Whilst patients already taking corticosteroids may be at increased risk of adverse
outcomes from COVID-19, those with established severe disease seem to paradoxically
benefit from corticosteroid introduction. In patients with inflammatory bowel disease,
the use of corticosteroids has been associated with intensive care unit admission,
ventilator requirement and/or death [19]. Similarly, patients on maintenance glucocorticoids
for rheumatological conditions have an increased rate of hospitalisation following
SARS-CoV-2 infection [59]. As yet, small case series have been unable to draw definitive
conclusions regarding the risks posed by corticosteroid use in patients with autoimmune
hepatitis or after liver transplantation [31, 34]. In these patients, the risks of
hepatitis flares or graft rejection must be weighed against the potential risks of
developing severe COVID-19. Currently, we advise against routine reduction of immunosuppression
in AIH or LT recipients, including the use of steroids if required. Corticosteroids
however do appear to be a viable treatment option for patients with severe COVID-19
requiring respiratory support. In June 2020, the RECOVERY [58] trial reported that
dexamethasone reduced deaths by one-third in ventilated patients and by one fifth
in patients receiving supplemental oxygen. It is likely that this agent will be increasingly
used in the management of severe COVID-19 including in patients with pre-existing
chronic liver disease.
Anticoagulation
Patients with advanced liver disease are at increased risk of venous thromboembolism
[82]. Similarly, coagulopathy is a common abnormality in patients with COVID-19 and
has emerged as a major driver of morbidity and mortality, particularly in patients
with severe disease. Hospitalised patients with COVID-19 have alarmingly high rates
of venous thromboembolic disease with an observed incidence of 20% at day 7, and 42%
at day 21 despite thromboprophylaxis [83]. As well as macro-thrombotic events, COVID-19
is also associated with widespread micro-thrombosis and endothelial dysfunction contributing
to multiorgan failure in the terminal phase of the disease [84, 85]. The role of anticoagulation
in patients with COVID-19 has therefore been extensively investigated and has been
shown to improve outcomes in severe COVID-19 [86], although unified risk stratification
models and treatment thresholds have yet to emerge. Given that both advanced liver
disease and COVID-19 are both associated with a hypercoagulable state, it reasons
that SARS-CoV-2 infection in patients with cirrhosis may yield a cumulative risk of
prothrombotic complications. We therefore suggest that in this scenario patients should
be deemed at particularly high risk of thromboembolic events. Whilst historically
there have been reservations about the use of anticoagulation in patients with cirrhosis
and portal hypertension, systematic review has demonstrated no excess of bleeding
events in anticoagulated patients with cirrhosis and portal vein thrombosis [87].
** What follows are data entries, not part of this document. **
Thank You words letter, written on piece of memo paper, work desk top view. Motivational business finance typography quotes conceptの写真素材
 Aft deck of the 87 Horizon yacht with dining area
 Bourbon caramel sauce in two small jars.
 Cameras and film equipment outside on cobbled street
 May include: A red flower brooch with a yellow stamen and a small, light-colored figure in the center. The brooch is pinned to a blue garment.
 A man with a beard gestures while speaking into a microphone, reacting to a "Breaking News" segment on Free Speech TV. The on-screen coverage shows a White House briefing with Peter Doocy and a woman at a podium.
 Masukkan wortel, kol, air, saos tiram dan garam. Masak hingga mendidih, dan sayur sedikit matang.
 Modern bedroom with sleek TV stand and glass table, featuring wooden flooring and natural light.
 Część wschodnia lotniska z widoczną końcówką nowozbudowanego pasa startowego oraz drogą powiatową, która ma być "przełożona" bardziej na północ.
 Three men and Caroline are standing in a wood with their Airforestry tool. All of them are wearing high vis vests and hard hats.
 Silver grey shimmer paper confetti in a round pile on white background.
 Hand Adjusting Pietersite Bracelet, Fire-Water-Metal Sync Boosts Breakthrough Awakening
Furthermore, anticoagulation may have antifibrotic properties [88] and even confer
a survival advantage in patients with cirrhosis [89]. Further reassurance is provided
by a recent multicentre Italian study in which 80% of patients with cirrhosis and
COVID-19 received thromboprophylaxis without any evidence of major haemorrhagic complications
[15]. Whilst thromboprophylaxis, typically with low molecular weight heparin (LMWH),
should form part of standard of care for all patients with cirrhosis admitted to hospital,
it remains to be determined whether patients with COVID-19 and cirrhosis should receive
early treatment with enhanced or therapeutic anticoagulation.